The deployment of ZEP plants will have an impact on the generation cost of electricity. However, it is not yet clear how much effect this will have on the competitiveness of the European economy. The penetration of ZEP plants to its maximum potential could bring about an increase of the overall production cost of electricity up to 5.5% in 2030, with respect to the baseline. On the other hand, the development of ZEP plant technology in the EU will make Europe a world leader in the energy technology markets, increasing the potential for exports and hence benefit the competitiveness of the European industry and will create business opportunities.

Barriers

The high cost of first-of-a-kind plants, needed for demonstrating key technological components and building confidence on CO2 emission reduction potentials has been cited as one of the main barriers to progressing further with the technology. Other key issues that need to be addressed include the lack of an enabling framework that tackles among others the permitting of storage sites and uncertainties in carbon prices and the emissions trading scheme, the lack of business plans for evaluating carbon value chains, and public acceptance. The further development and up-scaling of capture technologies necessitates a significant additional R&D effort. Focal points of additional work in capture and storage are the improvement of power plant efficiency, which will also benefit conventional power plants; the reduction of capital costs so that the capture cost can fall below €20-30 per tonne of CO2 avoided; the development of innovative and more cost-effective capture processes; the development of new materials, including membranes; the better integration of plant components with a concurrent increase in plant availability; the assessment of the European CO2 storage capacity; the safety of storage; monitoring of storage sites for leakage; and the long term assurance of the permanence of storage.

Needs

The development of a regulatory market framework and of appropriate policies that will give positive signals to the power sector to invest in ZEP plant technology is a requirement for the further development and deployment of the technology. Of equal importance is the research for the up-scaling and further development of technology. Finally, the financing and regulation of the infrastructure for CO2 transport and storage will need to be addressed on both the European level and the Member State level.

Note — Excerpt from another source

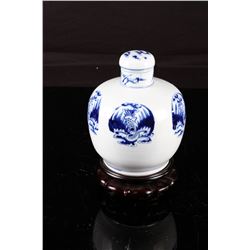 [CHINESE]A LATE 19TH CENTURY BLUE AND WHITE PORCELAIN JAR WITH LID PAINTED WITH FLOWERS W:5" H:6.25"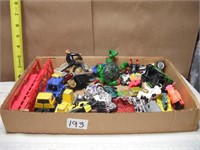 LOT OF TOY CARS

Synergies with other sectors

Hydrogen has been identified as one of the possible additional products that could give an added value to ZEP plants operating in a poly-generation scheme based on gasification technology, producing also other synthetic fuels, including natural gas. The excess hydrogen available in the market combined with the current hydrogen prices and the power industry forecasts for the development of a hydrogen market in the near and medium term do not however give the right signal to the companies in the power sector to get involved in hydrogen production. Additionally, enhanced interactions with the materials research community can facilitate the development of new materials needed for efficiency improvements and cost reductions.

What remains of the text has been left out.